There was the waking up.
An inquisitive look,
With eyes that fixed on my back,
Once and a thousand times, made my cheeks flush,
As his expression would redirect to my skirt.
With reserve I looked at him,
-How could a stranger love a woman like me? -How could a stranger love a woman like me?
He was singularly insistent,
With Casanova's determination to dare.
In a corner I succumbed,
To the bearing of his figure and the glow of his speech,
when I had promised my God not to yield to his chatter.
I knew lipstick, blush and jewels,
all to impress a womaniser who peeks out
Like a strutting pheasant, I felt crowned.
Crowned by his nearness, crowned by his stole.

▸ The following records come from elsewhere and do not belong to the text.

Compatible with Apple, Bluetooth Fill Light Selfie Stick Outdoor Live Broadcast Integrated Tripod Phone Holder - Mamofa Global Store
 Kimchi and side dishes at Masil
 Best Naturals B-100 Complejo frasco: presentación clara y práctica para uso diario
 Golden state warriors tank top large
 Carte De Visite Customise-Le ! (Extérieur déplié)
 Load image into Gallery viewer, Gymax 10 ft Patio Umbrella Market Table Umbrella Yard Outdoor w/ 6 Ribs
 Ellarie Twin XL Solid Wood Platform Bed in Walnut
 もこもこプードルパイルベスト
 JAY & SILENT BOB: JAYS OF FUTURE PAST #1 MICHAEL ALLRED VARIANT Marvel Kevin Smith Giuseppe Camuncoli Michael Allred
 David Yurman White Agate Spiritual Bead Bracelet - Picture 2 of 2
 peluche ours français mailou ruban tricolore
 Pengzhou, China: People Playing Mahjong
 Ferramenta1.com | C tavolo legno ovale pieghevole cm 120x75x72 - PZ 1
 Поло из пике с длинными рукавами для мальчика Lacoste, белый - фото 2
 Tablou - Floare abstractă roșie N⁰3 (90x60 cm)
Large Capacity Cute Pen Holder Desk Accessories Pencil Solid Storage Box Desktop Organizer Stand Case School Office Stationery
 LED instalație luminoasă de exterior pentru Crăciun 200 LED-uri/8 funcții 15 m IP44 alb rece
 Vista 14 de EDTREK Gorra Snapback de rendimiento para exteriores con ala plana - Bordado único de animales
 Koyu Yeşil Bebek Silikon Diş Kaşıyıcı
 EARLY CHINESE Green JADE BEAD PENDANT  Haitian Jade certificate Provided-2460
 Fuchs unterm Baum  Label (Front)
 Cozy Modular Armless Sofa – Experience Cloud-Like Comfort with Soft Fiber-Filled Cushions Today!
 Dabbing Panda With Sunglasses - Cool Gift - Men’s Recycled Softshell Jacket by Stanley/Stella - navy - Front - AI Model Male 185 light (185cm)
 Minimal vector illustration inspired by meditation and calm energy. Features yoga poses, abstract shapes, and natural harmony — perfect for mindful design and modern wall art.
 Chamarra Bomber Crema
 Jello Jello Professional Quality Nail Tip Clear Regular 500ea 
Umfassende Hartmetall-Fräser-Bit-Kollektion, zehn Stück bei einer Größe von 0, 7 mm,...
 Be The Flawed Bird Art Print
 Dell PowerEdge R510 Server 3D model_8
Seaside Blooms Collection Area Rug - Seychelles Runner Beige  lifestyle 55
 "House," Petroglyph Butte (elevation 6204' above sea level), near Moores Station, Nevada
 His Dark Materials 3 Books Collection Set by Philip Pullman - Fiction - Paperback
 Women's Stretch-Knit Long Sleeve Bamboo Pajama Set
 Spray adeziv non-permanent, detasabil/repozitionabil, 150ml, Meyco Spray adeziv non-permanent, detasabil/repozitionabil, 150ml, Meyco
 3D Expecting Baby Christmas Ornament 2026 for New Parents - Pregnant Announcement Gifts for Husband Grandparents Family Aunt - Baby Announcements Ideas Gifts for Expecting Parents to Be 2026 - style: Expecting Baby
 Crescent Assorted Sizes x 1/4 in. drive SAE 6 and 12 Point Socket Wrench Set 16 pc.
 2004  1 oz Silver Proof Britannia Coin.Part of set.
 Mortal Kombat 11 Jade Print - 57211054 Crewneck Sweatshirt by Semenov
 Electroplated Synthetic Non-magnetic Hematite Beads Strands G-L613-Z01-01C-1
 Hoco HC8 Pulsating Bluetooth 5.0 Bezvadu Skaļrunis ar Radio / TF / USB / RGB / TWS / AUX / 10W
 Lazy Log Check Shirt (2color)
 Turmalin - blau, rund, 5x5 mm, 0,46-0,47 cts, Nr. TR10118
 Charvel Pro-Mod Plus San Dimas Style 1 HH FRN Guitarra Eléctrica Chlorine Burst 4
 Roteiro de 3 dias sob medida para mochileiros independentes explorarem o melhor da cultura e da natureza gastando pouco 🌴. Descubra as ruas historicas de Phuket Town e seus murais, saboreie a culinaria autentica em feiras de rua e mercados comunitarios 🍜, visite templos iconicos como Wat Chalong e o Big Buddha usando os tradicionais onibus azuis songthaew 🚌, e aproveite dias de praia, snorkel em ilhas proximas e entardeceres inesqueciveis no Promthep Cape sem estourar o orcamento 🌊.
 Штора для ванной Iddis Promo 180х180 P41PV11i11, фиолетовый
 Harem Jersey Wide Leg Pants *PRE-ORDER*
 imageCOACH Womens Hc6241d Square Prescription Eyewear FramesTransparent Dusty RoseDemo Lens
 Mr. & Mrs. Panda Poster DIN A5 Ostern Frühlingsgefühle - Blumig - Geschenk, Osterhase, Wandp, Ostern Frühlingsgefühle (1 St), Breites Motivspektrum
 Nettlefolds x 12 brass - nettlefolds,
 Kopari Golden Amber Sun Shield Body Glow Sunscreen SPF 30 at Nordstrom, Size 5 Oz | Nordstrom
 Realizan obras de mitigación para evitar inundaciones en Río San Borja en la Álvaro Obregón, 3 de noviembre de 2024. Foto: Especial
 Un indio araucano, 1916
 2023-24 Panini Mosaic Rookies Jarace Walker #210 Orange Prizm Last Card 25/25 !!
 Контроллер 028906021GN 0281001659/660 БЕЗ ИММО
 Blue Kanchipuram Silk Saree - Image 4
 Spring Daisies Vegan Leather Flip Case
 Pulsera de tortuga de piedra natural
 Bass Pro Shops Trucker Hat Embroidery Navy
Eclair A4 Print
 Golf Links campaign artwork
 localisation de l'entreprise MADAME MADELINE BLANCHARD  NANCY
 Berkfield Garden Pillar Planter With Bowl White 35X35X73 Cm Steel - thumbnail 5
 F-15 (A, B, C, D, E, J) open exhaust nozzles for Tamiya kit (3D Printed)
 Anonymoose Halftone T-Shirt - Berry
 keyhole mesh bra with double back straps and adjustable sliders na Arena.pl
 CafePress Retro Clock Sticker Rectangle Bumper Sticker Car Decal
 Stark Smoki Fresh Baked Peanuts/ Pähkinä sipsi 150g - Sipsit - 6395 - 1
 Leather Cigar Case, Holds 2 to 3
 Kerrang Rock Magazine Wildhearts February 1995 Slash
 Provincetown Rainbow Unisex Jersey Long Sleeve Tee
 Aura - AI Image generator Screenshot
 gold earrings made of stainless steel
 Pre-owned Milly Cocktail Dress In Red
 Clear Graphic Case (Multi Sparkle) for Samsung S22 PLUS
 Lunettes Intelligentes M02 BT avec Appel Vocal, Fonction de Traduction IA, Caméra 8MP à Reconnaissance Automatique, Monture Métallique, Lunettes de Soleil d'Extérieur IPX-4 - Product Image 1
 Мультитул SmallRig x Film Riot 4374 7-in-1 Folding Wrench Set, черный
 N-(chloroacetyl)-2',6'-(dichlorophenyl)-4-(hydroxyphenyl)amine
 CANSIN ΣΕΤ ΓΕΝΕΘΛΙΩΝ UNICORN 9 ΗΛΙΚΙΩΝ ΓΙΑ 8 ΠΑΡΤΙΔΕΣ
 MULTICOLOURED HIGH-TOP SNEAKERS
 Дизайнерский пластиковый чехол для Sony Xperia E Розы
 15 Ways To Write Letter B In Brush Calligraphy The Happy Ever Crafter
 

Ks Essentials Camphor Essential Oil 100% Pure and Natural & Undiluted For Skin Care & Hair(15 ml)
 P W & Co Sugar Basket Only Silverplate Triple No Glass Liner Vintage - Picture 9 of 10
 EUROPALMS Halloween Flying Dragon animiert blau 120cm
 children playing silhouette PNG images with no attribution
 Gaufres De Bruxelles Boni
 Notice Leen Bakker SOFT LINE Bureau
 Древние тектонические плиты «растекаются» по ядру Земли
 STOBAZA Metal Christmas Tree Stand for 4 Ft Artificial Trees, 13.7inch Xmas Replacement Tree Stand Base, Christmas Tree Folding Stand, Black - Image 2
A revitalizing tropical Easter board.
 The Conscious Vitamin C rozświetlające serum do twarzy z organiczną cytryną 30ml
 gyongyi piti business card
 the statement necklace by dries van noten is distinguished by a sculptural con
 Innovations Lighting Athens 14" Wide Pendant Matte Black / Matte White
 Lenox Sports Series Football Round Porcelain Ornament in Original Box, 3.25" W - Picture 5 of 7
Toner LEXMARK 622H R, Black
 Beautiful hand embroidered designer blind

What began with the strength of a stallion,
died like the waves of the sea,
swept towards its sentence in the sand.
I found how he lunged towards another,
cornering her between his promises of amusement,
entertainment that only a climber can give,
that which elevates you with its insolence
and lowers you in its sense.
I thought I could redeem the situation,
as the rift opened the crack wider,
It was imprudent of me to participate,
to be part of a performance in which you are the jest.
The instinct of revenge took hold,
between the hurricane glances and the feral bee-eyeing,
I plotted the downfall of his show,
to reduce his position.
I finished my stellar project,
with character and wit to tell,
I confronted his dodges and fictions,
and cut off all ties and distinctions.
The cloak of his explanations
and the cunning of his laughter,
was a delicate swindle,
developed with caution
and expressed with malice.
The crown of feathers unravels,
has to drown at sea,
neither his kisses nor his shadows
can emerge like apparitions of bliss.
This poem has not been translated into any other language yet.